Without taking his eyes off the bodies, Grinter asked,
“Is there a reason you left them like that?”
“As you see, it wasn’t a comfortable death.”
“You brought them like this to show me.”
“I hope it’s some small comfort.”
What the families of victims want is revenge.
And not just revenge—painful revenge.
To meet that, Max left them as if taxidermied in the state they died.
Of course, the second one at the haystack had his eyes closed. In the end, Max had forced the lids back and worked the face to make it look like he’d died in maximum torment.
Go this far and you win the other side’s heart.
When you get an opening, planting one ally in enemy ground isn’t nothing.
From slavery’s side, step back a pace and they’re people all the same.
If a man had no such possibility, better to screen him out now.
While Grinter stared and thought, the sheriff cut in.
“You caught the culprits—but that doesn’t clear the guilt of Lawrence.”
“I’m the sheriff of Lawrence, and I personally caught them.”
“All the more suspicious. Who knows if you didn’t kill them to gag them because things were turning against you?”
This one definitely needed to be screened out.
“Can you stand by that?”
“You dare ask me for responsibility?”
“Enough.”
At Grinter’s interjection, the sheriff’s face twitched.
“Do you know who these men are?”
“Of course. But before that, there’s one point we need to mark.”
Max raised his voice so the townspeople could hear.
“When it’s shown Lawrence bears no guilt, you’ll compensate the damages—and more.”
“Nonsense!”
“Shut your mouth! Who are you to spit that out!”
Max looked around at them with a cold curl of lip.
“Then who are you to brand Lawrence the killers?”
“……”
Turning from the people, Max spoke to Grinter.
“These men are from Jefferson City, Missouri. Naturally they have records working on the side of the defenders of slavery.”
“You’re certain?”
“A reporter with a stout sense of duty learned it after three months of tracking.”
Max turned his head to George Brown. The man swallowed and stepped forward.
So this is why you dragged me along.
Curses rose in him, but George Brown straightened his face and spoke.
“A reporter speaks only to what he’s seen and verified. I swear on my paper—the Herald of Freedom. These men are certainly from Missouri.”

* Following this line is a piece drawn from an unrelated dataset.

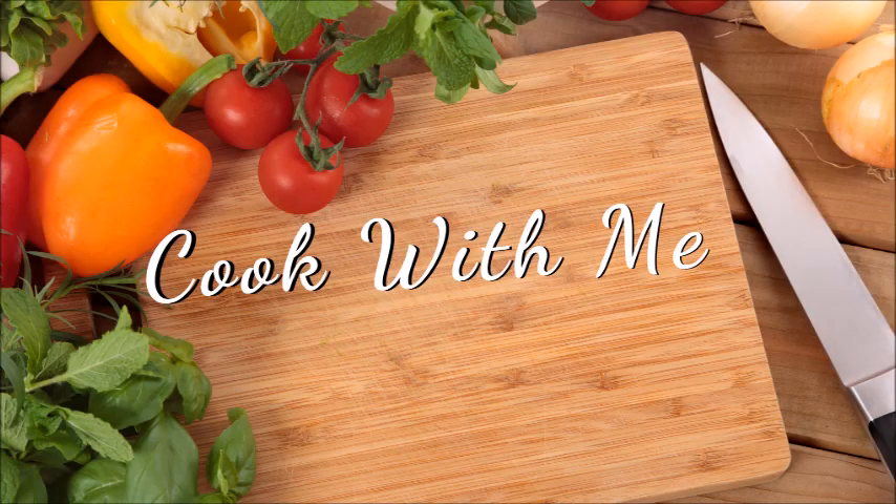This was so delicious. If it's easier for you, you can just use a pan on the stove to make this. Thanks so much for watching — leave a comment below, I'd love to hear from you. I look forward to the next video. Bye!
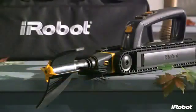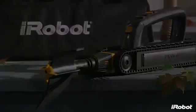iRobot is driven by a passion for building practical robots like Luge that make a meaningful difference in people's lives. The iRobot Luge 300 Series Gutter Cleaning Robot takes a dangerous, dirty job and does it for you.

In any case, once a U.S. marshal and a coroner showed, it would be brought to light. Even so, to stake the paper’s name—no one said that without a fair certainty.
I don’t know—hell. He wouldn’t be lying to me, would he.
George Brown met Max’s eyes and nodded.
The murmuring townsmen looked deflated. Those farther off cheered on the quiet.
Abolitionists living with their heads down in town. People who had been here since before Kansas’s struggle over slavery.
They clicked their tongues as they looked from the sheriff of Lawrence to their own sheriff.
The contrast was stark.
A world apart from a Delaware sheriff who did nothing but agitate.
Abolitionists began to think seriously about moving to Lawrence.